I assure you, there was a lot of prayer and absolutely no voting going on in that one.  And God was glorified when Planned Parenthood called the church to look into the light.

Why didn’t we maximize that?  That should have made headlines in this “Christian” town.  But I don’t think anyone hardly knows of it or remembers now.

I think we were already so sadly seduced by the vote that we hardly noticed.

And in the years since, Lubbock no longer advertises our heritage of faith as a part of the attraction of this place which might cause you to relocate here.  (Not that they ever should have, but it nonetheless provides a window into my point.)

I am quite certain that if Proposition A is passed in Lubbock, Texas, whether it ever is deemed to have saved a life or not, it will actually perpetuate the fight between liberals and conservatives and will cloud the real issues about whether or not God is glorified all while “Christians” attempt to lord it over others with a vote. 


  1. Steven · April 25

    This may be one of my favorite posts from your blog. Well articulated!

    Liked by 1 person

    • Agent X · April 26

      Thanx Steven, That means a lot to me.

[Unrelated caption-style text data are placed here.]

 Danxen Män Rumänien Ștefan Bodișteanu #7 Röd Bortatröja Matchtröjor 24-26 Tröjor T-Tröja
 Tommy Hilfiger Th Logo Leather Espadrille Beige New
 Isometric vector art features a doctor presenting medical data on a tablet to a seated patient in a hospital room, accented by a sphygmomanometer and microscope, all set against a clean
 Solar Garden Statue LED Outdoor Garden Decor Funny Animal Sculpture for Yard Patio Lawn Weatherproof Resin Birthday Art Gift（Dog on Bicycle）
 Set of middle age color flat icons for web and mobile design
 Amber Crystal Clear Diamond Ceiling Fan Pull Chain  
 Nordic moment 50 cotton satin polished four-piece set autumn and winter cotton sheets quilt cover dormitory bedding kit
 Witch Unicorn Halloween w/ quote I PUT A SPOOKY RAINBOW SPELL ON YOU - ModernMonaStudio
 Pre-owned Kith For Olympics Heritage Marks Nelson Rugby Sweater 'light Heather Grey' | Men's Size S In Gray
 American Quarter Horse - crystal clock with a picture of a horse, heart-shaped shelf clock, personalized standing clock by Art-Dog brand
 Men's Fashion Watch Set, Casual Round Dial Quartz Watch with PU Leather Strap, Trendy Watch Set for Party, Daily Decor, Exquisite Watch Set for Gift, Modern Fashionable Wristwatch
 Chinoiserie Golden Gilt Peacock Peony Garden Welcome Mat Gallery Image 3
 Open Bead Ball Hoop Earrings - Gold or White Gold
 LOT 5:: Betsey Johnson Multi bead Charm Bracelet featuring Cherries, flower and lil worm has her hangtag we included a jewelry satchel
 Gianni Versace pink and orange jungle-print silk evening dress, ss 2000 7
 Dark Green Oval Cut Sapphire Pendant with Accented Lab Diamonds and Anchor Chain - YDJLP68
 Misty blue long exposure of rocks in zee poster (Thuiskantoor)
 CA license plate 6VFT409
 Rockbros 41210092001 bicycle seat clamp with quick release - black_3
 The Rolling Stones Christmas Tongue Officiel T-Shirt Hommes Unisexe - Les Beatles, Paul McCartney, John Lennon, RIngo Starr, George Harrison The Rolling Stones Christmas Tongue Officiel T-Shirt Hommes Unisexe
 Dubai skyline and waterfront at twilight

      Wonder when I am gonna see some new posts on yours.

      I will visit.

      But, really. Thanx.

      Liked by 1 person

      • Steven · April 26

        I keep wondering the same. Life with a little one, which has involved changing schedules from night shift to day shift, seems to have largely depleted the creative reserves which propelled my writing. The Catholic Cave is folding just yet, it’s merely weathering a season of drought.


      • Steven · April 26

        Meant to say, “isn’t folding just yet”.


  2. laceduplutheran · April 26

    Here’s a counter proposal for the people pushing this proposition – how about make Lubbock a sanctuary for all people who need sanctuary? Maybe they are immigrants. Maybe they are homeless. Maybe they are drug addicts. Maybe they are Muslims, or Asian, or something else. How about we just value caring for people instead of doing stupid partisan gimmicks that are a bunch of BS.

    Liked by 1 person

    • Agent X · April 26

      Sorta like an ALL LIVES MATTER answer to BLM.

      Except in this case taking the words that much more seriously.


      I sense a zinger in this.

      But, yeah. I like it.

      We could call it “church.”

      Liked by 1 person

      • laceduplutheran · April 27

        I’m tired of the intellectually shallow “own the libs” sentiments and antics ie “All Lives Matter.” There seems to be so little thought as to long term effect or impact. It’s just disagreeing with others for the sake of disagreeing as opposed to seeing what people hold in common and finding out how to work towards that. But when people seem more concerned with winning and scoring points, rather than transformation, I shouldn’t expect much, should I? I’m tired of the idolatry of partisanship which is literally killing people.